◆ What is being asked: Please return, exactly and only, the lines beginning at the top of the entries below and ending with the line containing "Hi everyone, in"; keep out the pictures.

◆ Given records:
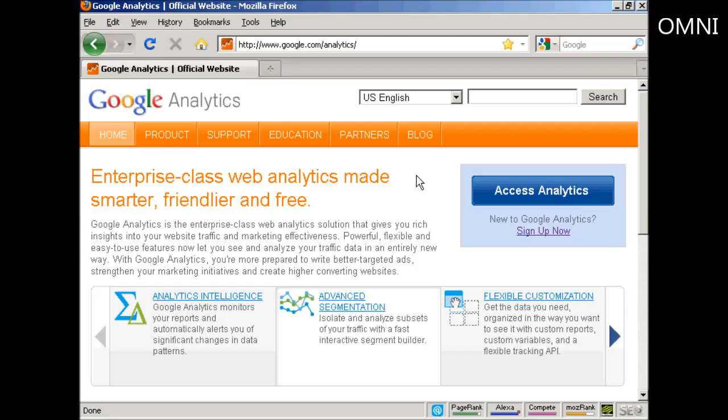In this video I'm going to show you how to set up Google Analytics on your website. The first thing to do is to come to the Analytics website which is google.com/analytics.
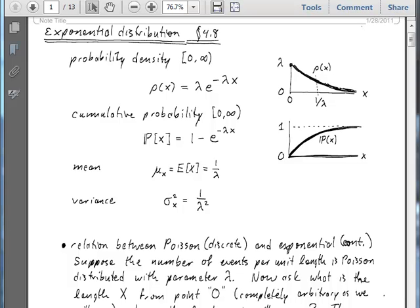The mean of an exponentially distributed random variable is 1 over lambda, where lambda is that frequency parameter. The variance is 1 over lambda squared. This distribution is not peaked — it always has this same form. We're not talking about anything where you discuss a number of samples or anything like that. We are waiting for a first event along a line.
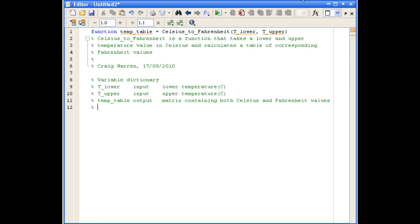Now that we've defined our input and output values in the variable dictionary, we're going to define a couple of local variables that will hold the Celsius and Fahrenheit values.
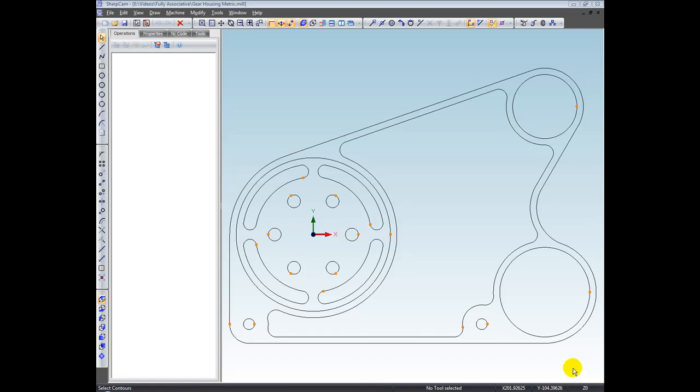Hi, welcome. In this video, I'm going to explain to you the fully associative feature of SharpCAM.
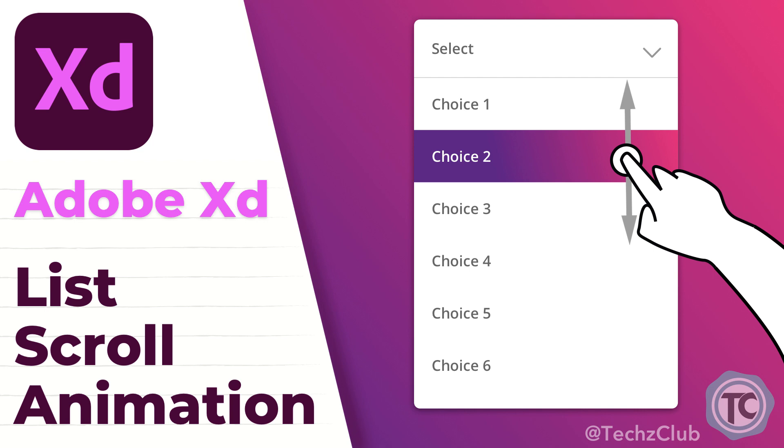Welcome back everyone. I hope everyone was safe in this pandemic. So do take care of yourself and I'm going to start something new in this channel. That is the Adobe XD animation series, where I'll be going through tutorials of micro interactions and different animations that's possible in Adobe XD.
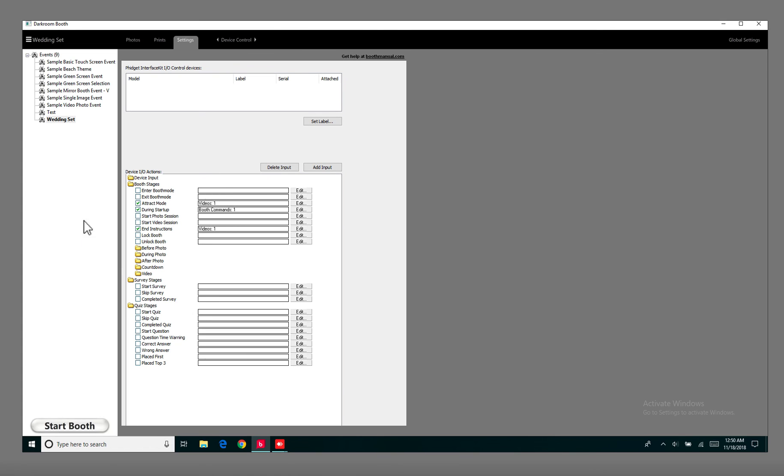And that's pretty much it. So hopefully this helps you to figure out how to set up mirror booth animation videos. And if you have any questions or if you have any comments, just go ahead and leave them in the section below. And I'll see you in the next one.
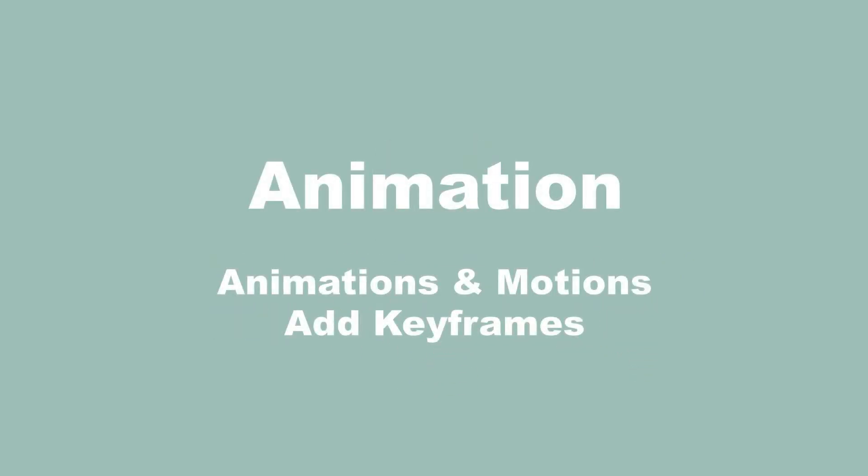Hi everyone, in today's tutorial, we're gonna look at Acemovie's powerful animation presets and how to use keyframes to make animations.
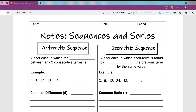Welcome ladies and gentlemen to your notes over sequences and series. In today's video we're going to be talking about an arithmetic sequence. So what is an arithmetic sequence? It is a sequence in which the difference between any two consecutive terms is constant.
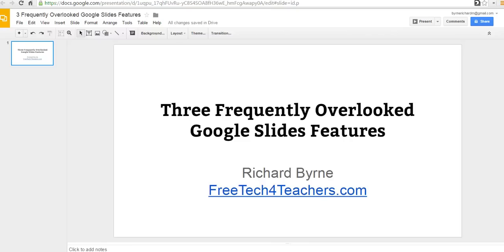Hi, this is Richard Byrne at Freetech4Teachers.com. In this video, we're going to take a look at three frequently overlooked Google Slides features. These are features that people are sometimes aware of and then they forget about, or you're a new user to Google Slides and you haven't explored these options yet. So, first up...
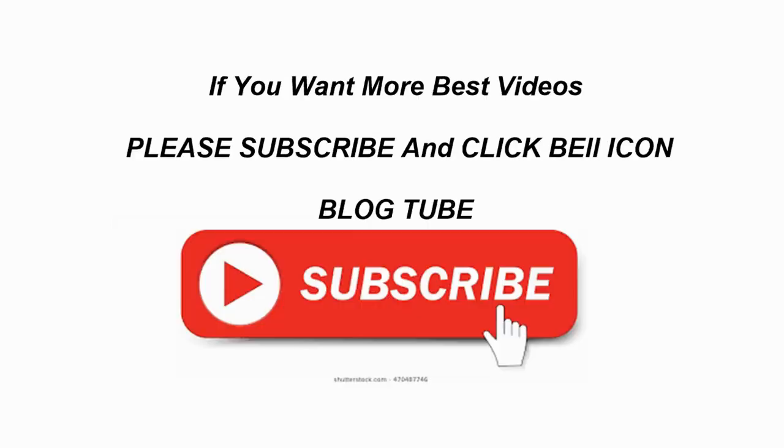If you want more best videos, please subscribe and click bell icon.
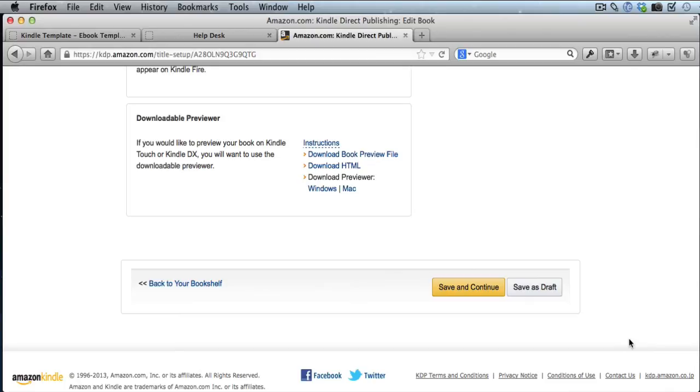So that's all there is to it. If you have any questions or ideas for more videos on self-publishing, let me know. And if not, we'll see you in the next video.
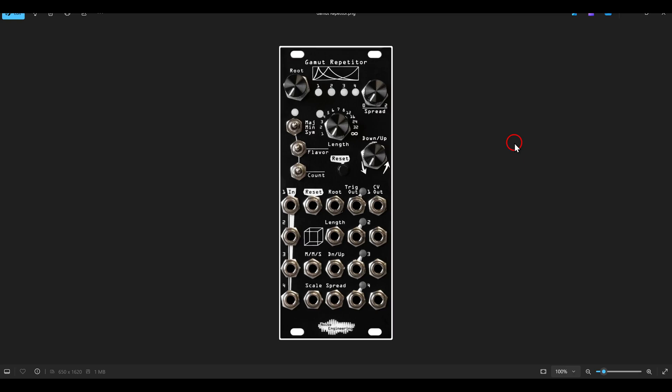Today I want to show you a fun setup inspired by the hardware module from Noise Engineering Gamut Repetitor that you can use to easily create and modify pitch and gate sequences.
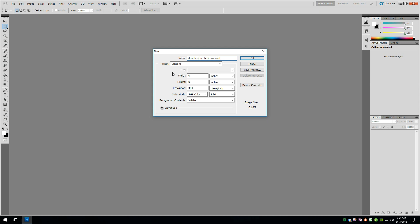We want to change some of these settings here. First thing is we want to work in a resolution of 600 pixels per inch. The reason is, business cards typically have really fine, small fonts, usually like 6 to 8 point. And so having a higher resolution, you're going to get a much better or sharper print on those really fine fonts.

◆ Answer area:
In this video I'm going to show you how to set up Google Analytics on your website. The first thing to do is to come to the Analytics website which is google.com/analytics.
The mean of an exponentially distributed random variable is 1 over lambda, where lambda is that frequency parameter. The variance is 1 over lambda squared. This distribution is not peaked — it always has this same form. We're not talking about anything where you discuss a number of samples or anything like that. We are waiting for a first event along a line.
Now that we've defined our input and output values in the variable dictionary, we're going to define a couple of local variables that will hold the Celsius and Fahrenheit values.
Hi, welcome. In this video, I'm going to explain to you the fully associative feature of SharpCAM.
Welcome back everyone. I hope everyone was safe in this pandemic. So do take care of yourself and I'm going to start something new in this channel. That is the Adobe XD animation series, where I'll be going through tutorials of micro interactions and different animations that's possible in Adobe XD.
And that's pretty much it. So hopefully this helps you to figure out how to set up mirror booth animation videos. And if you have any questions or if you have any comments, just go ahead and leave them in the section below. And I'll see you in the next one.
Hi everyone, in today's tutorial, we're gonna look at Acemovie's powerful animation presets and how to use keyframes to make animations.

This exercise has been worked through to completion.